Noticing an influx of ladybugs emerging from crevices and openings in your home as the autumn cold sets in? These aren’t the beloved seven-spotted ladybugs that Tennessee holds dear.
Instead, the intruders in your home are probably the Asian lady beetle, also known as the harlequin ladybird or “Halloween beetle” due to their annual appearance in autumn. Both the seven-spotted ladybug and the Asian lady beetle are prevalent among the various lady beetle species in North America. They share red, orange, and black color variations and spots on their backs, but they differ slightly. One significant distinction is the Asian lady beetle’s unique marking near its “neck,” resembling a black “M” or butterfly. Additionally, Asian lady beetles are larger and often have more spots.

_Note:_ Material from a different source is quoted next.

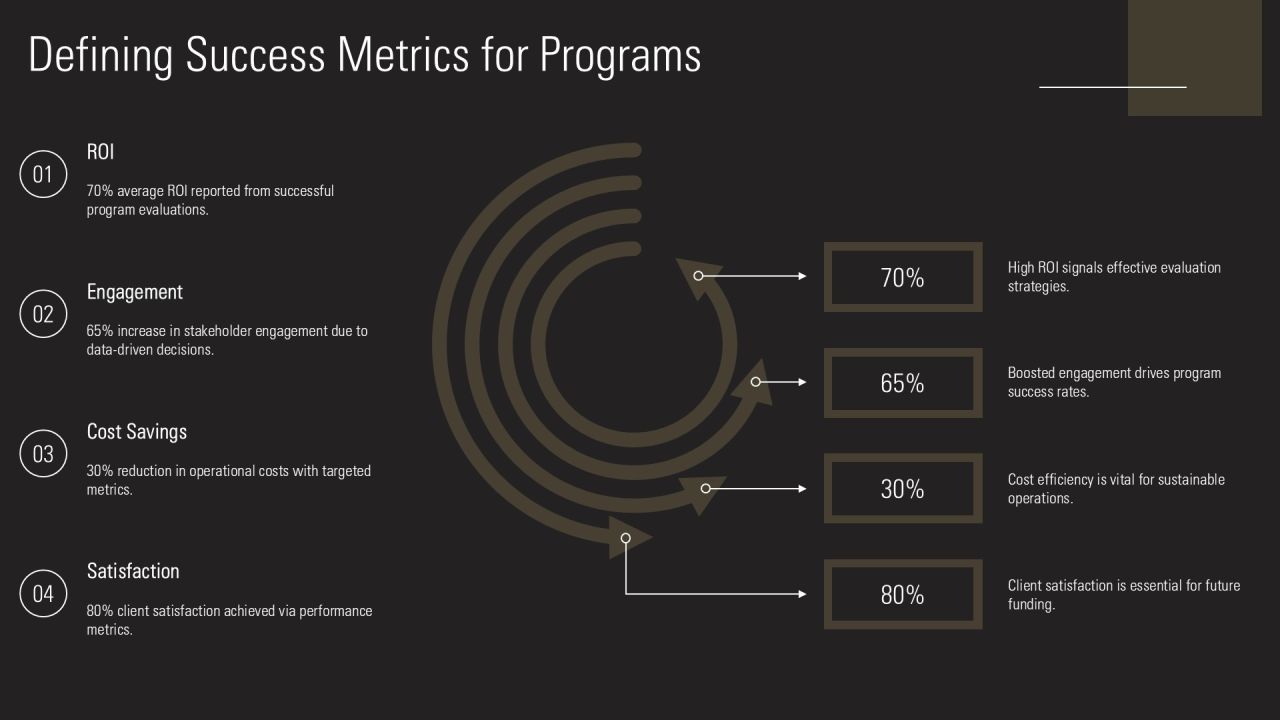 Program Improvement Evaluation Methods PPT Presentation AT Slide07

These insects tend to invade homes as the weather cools in the fall, often gathering in corners, window screens, and emerging from ceiling fixtures. They are drawn to illuminated surfaces with a light-dark contrast, making partially sunlit homes attractive to them. During winter, they go dormant and reawaken in the spring, occasionally emerging from ceiling fixtures or windows on warm days.
While the Asian lady beetle is invasive, they are not necessarily harmful. Just like the native seven-spotted ladybugs, they are beneficial for gardens and orchards as they consume aphids and other pests. However, their efficiency in predation can make it challenging for native lady beetle species to thrive.
Both the seven-spotted ladybug and Asian lady beetle were intentionally introduced in the U.S. by the Department of Agriculture to combat agricultural pests. Over time, they spread across North America, sometimes outcompeting native lady beetle species.